* [Work task]
Copy out each entry precisely; no image belongs in the result.

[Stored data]

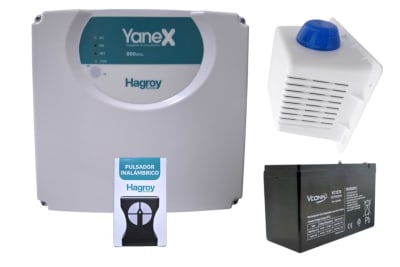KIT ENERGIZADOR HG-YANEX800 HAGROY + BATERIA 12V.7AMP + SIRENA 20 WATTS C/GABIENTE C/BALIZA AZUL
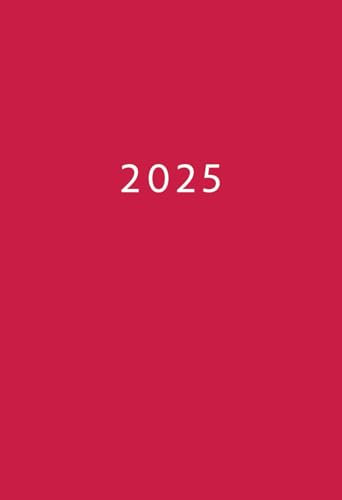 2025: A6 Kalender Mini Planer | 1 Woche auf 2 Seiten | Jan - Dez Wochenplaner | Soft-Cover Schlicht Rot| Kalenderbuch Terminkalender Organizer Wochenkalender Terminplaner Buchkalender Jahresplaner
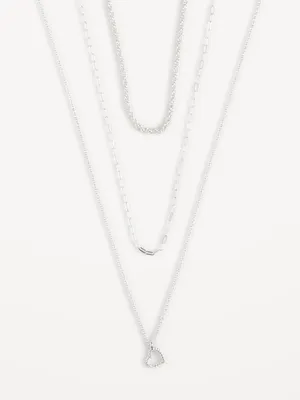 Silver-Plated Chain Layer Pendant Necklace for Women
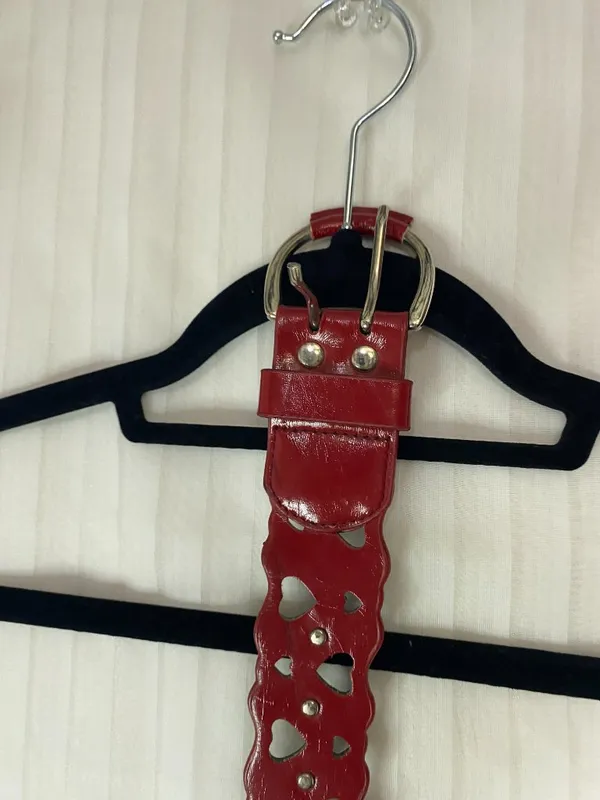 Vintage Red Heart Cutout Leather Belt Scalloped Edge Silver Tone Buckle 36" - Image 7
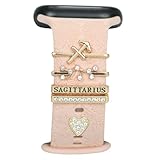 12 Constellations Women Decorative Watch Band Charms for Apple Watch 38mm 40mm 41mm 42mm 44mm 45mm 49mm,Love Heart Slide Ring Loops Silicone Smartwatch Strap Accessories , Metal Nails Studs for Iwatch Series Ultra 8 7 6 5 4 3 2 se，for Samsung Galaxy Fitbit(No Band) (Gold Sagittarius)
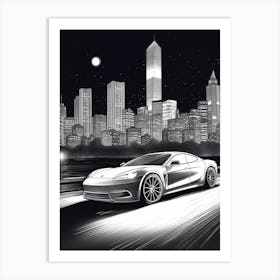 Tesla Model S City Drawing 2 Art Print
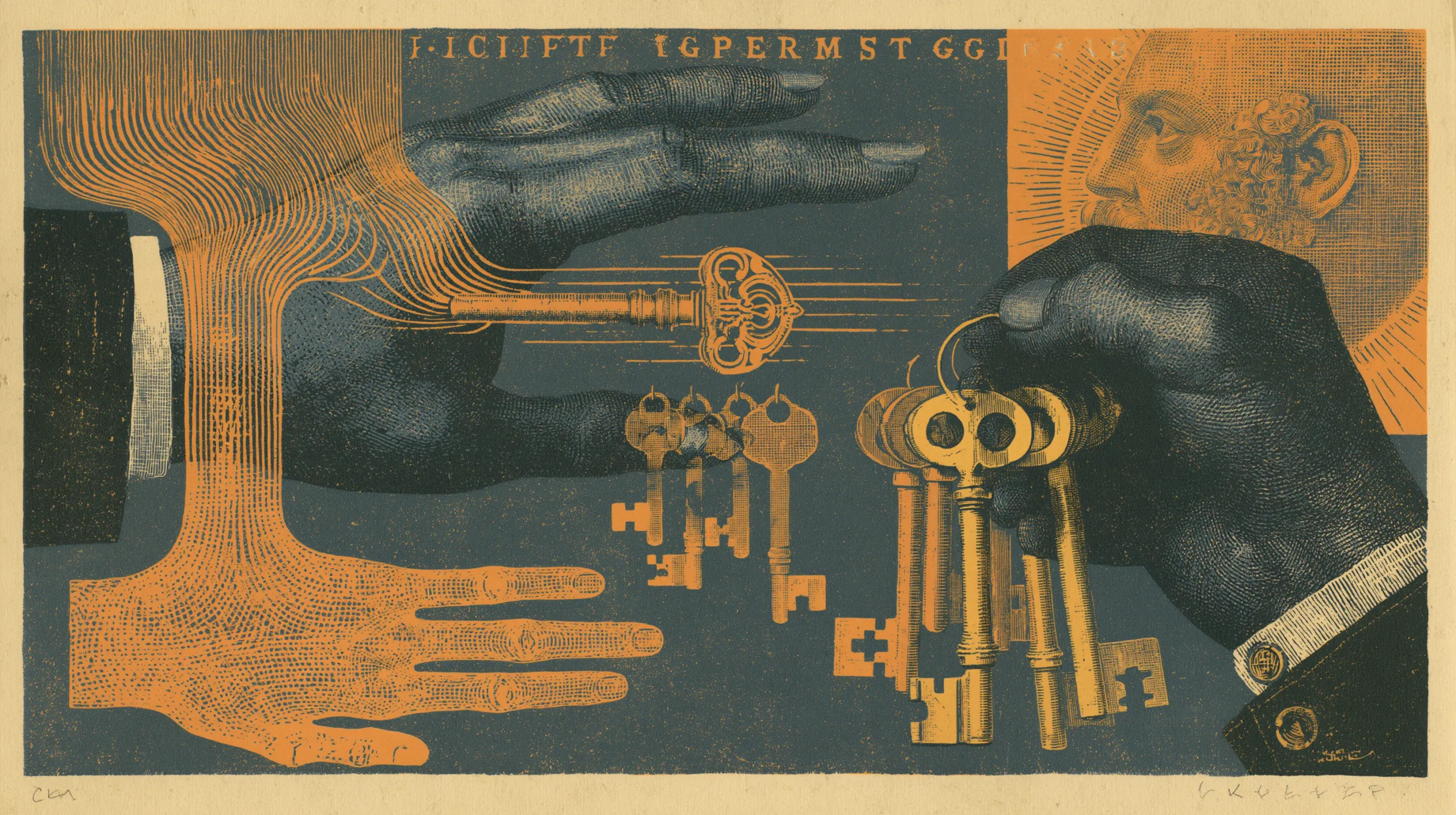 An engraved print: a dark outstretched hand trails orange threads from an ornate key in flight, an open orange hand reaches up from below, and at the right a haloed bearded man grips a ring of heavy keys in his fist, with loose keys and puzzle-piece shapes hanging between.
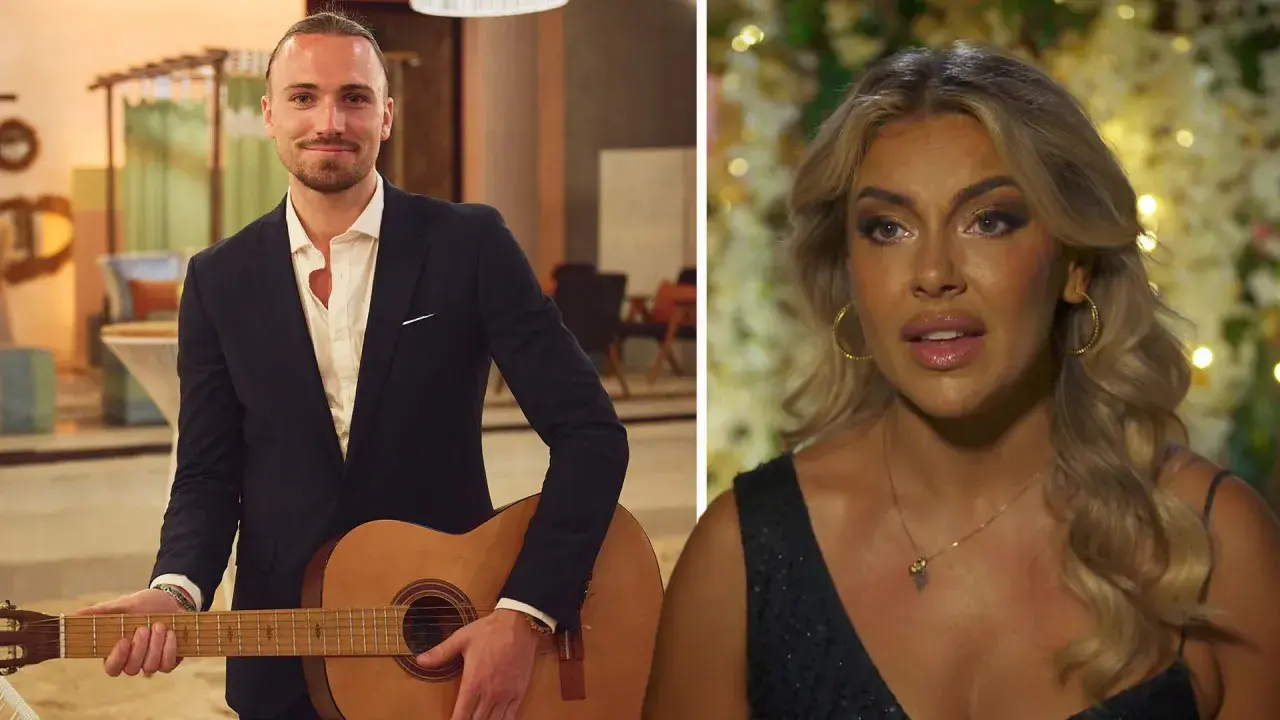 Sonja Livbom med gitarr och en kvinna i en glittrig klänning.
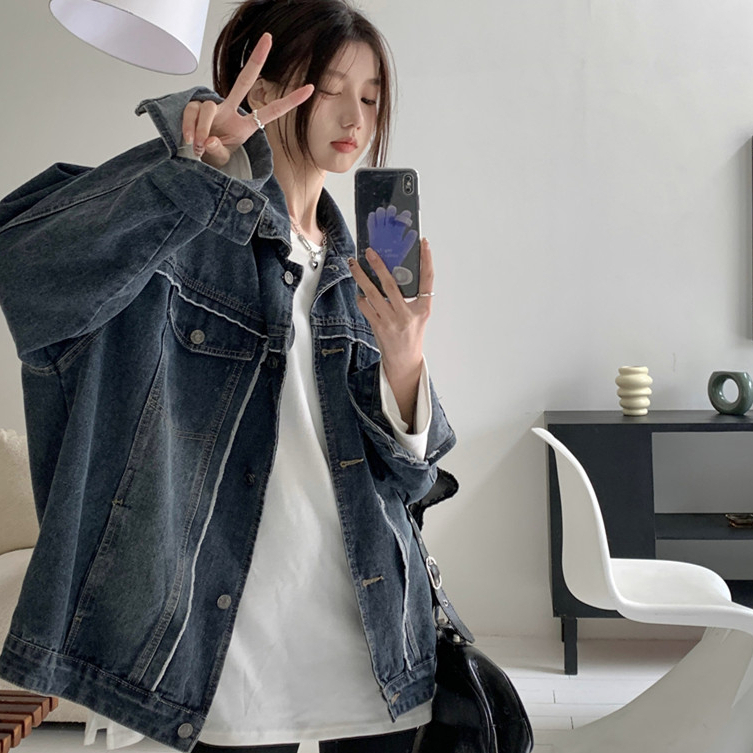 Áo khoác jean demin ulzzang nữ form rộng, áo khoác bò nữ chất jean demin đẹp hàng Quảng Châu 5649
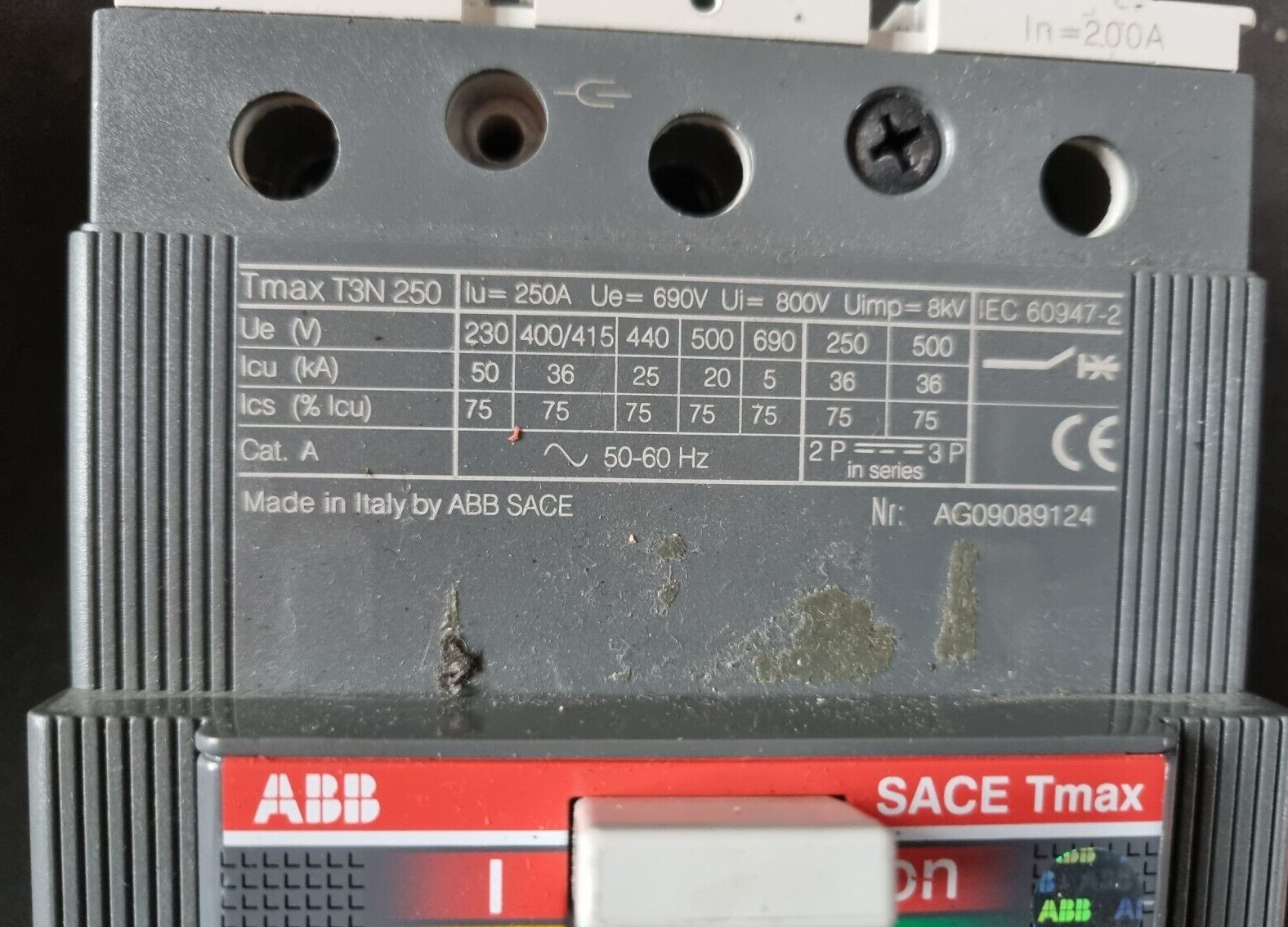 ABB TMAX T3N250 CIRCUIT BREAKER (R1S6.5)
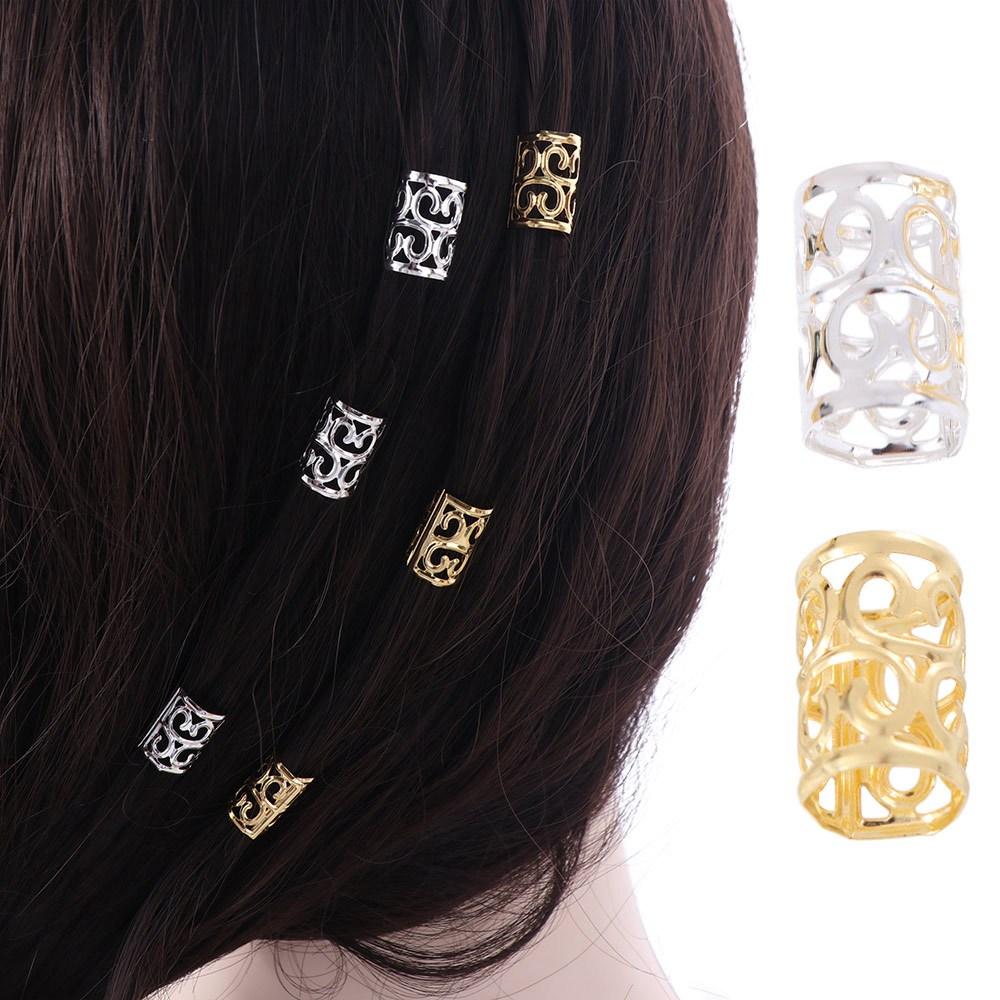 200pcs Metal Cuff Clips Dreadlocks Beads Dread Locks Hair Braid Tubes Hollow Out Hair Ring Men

* [Response to this exercise]
KIT ENERGIZADOR HG-YANEX800 HAGROY + BATERIA 12V.7AMP + SIRENA 20 WATTS C/GABIENTE C/BALIZA AZUL
 2025: A6 Kalender Mini Planer | 1 Woche auf 2 Seiten | Jan - Dez Wochenplaner | Soft-Cover Schlicht Rot| Kalenderbuch Terminkalender Organizer Wochenkalender Terminplaner Buchkalender Jahresplaner
 Silver-Plated Chain Layer Pendant Necklace for Women
 Vintage Red Heart Cutout Leather Belt Scalloped Edge Silver Tone Buckle 36" - Image 7
 12 Constellations Women Decorative Watch Band Charms for Apple Watch 38mm 40mm 41mm 42mm 44mm 45mm 49mm,Love Heart Slide Ring Loops Silicone Smartwatch Strap Accessories , Metal Nails Studs for Iwatch Series Ultra 8 7 6 5 4 3 2 se，for Samsung Galaxy Fitbit(No Band) (Gold Sagittarius)
 Tesla Model S City Drawing 2 Art Print
 An engraved print: a dark outstretched hand trails orange threads from an ornate key in flight, an open orange hand reaches up from below, and at the right a haloed bearded man grips a ring of heavy keys in his fist, with loose keys and puzzle-piece shapes hanging between.
 Sonja Livbom med gitarr och en kvinna i en glittrig klänning.
 Áo khoác jean demin ulzzang nữ form rộng, áo khoác bò nữ chất jean demin đẹp hàng Quảng Châu 5649
 ABB TMAX T3N250 CIRCUIT BREAKER (R1S6.5)
 200pcs Metal Cuff Clips Dreadlocks Beads Dread Locks Hair Braid Tubes Hollow Out Hair Ring Men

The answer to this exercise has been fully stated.